Error handling in CUDA kernels

In my CUDA kernel I check for a specific condition and would like to terminate the execution if the condition is fulfilled. What is the proper way to do so? How can I throw an error from inside a CUDA kernel?

1 Like

You can just call error("") but the user will only see the specific error when they run with julia -g2

1 Like

Thank you. It works.

In case of normal (non debug run) the thrown error is accompanied by continuously repeating message

ERROR: a exception was thrown during kernel execution.
       Run Julia on debug level 2 for device stack traces.

I guess there is a typo in this message: should be “an exception” instead of “a exception”.

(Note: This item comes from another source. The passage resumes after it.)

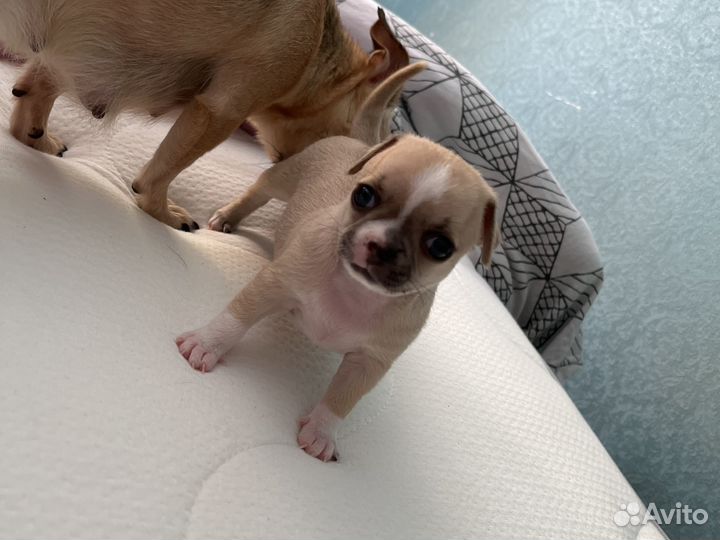 Щенки чихуахуа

The proper solution is to restructure your control flow such that you can do an early return. One alternative is to use the exit PTX instruction using LLVM.jl’s @asmcall, but not every GPU supports that instruction, and we’ve encountered miscompilations in the presence of such control flow.

I can do the early return. But how I can signal that the return was triggered by an error? In normal functions I can return some variable as an error code, but CUDA kernels do not allow to return anything.

You can allocate a global flag and write to it from your kernel. This can be a single-element CuArray you pass as an argument, or something fancier (e.g., look for exception_flag in CUDA.jl, that’s a global flag allocated in CPU memory mapped into GPU address space so that we can more easily read the value without synchronizing the GPU).

1 Like

Thank you. I will try.